Slow web, can’t play youtube videos or browse the web using Firefox or Chromium also tried Brave,
appears to be lagging, skipping, and stopping
Dual boot Windows 11 side works great with no problems on the web.
download speed from speedtest.net showed:
Ping 22
speed download 450Mbps
Hello @James
Are you able to do me one more favor? I need you to install the following and then run the command again and post it to see if it’s rendering properly using nvidia driver.
yay -S mesa-demos
yay -S xorg-xdpyinfo
yay -S dmidecode
I’m not sure what’s causing the issue with the video off hand. Could be some kernel parameters are needed for the Ryzen 2600. I’m thinking iommu=soft or some others such as idle=nomwait but I’m guessing at this stage. I’ll see if some others have some idea’s while i check some other info.
Does it actually freeze?
Edit: Also are you running on wifi or it’s ethernet because that seems fast.

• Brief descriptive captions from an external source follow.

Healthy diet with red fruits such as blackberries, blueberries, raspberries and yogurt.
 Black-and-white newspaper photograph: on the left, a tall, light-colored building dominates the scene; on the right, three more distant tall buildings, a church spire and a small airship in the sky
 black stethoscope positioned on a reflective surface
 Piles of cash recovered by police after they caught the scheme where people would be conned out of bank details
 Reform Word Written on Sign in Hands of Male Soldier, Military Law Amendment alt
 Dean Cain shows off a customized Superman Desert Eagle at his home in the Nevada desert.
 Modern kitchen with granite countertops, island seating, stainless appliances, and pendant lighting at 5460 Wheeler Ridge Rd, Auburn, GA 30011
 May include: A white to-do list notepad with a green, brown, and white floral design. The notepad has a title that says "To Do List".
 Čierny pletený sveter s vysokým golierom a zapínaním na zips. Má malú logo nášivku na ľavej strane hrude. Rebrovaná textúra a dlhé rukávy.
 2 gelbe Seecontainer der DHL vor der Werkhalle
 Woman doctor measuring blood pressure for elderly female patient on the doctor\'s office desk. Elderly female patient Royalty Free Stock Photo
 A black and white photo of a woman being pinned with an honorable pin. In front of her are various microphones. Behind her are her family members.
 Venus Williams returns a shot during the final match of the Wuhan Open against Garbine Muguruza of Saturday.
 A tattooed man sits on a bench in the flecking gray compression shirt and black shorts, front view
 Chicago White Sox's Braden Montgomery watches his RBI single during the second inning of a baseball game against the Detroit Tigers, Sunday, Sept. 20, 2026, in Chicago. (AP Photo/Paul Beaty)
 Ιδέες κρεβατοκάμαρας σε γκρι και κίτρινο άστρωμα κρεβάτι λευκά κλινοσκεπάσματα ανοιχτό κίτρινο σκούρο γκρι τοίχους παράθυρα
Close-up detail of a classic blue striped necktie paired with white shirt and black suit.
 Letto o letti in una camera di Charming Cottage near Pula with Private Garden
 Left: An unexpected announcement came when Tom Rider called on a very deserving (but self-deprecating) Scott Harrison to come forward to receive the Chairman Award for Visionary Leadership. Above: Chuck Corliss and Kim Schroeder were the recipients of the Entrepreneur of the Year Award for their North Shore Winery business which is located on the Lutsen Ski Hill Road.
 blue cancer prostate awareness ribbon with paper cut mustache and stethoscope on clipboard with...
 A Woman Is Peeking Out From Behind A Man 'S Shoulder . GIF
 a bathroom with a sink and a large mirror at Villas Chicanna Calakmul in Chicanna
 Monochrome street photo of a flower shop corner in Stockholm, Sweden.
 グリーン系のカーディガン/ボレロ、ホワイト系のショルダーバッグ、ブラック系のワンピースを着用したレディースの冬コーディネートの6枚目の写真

The system does not freeze but the video stutters visibly just like typing this response, if I’m on the web I have to constantly wait and allow the computer to catch up to me, I thought is was lag or a slow web but speedtest.net was pretty good.
One option you could try is on Nouveau open source driver instead of Nvidia. Sometimes the video drivers show they are installed properly but not. Did you install the dkms version?
Sorry, couldn’t resist; you might want to get more memory than 16 megabytes in today’s world for such a powerful computer
What desktop environment are you running? As @ricklinux suggested though, it’s probably an issue with the gpu driver, but could be the compositor as well.
I just installed what came with the offline install and then ran the system upgrade using the welcome screen.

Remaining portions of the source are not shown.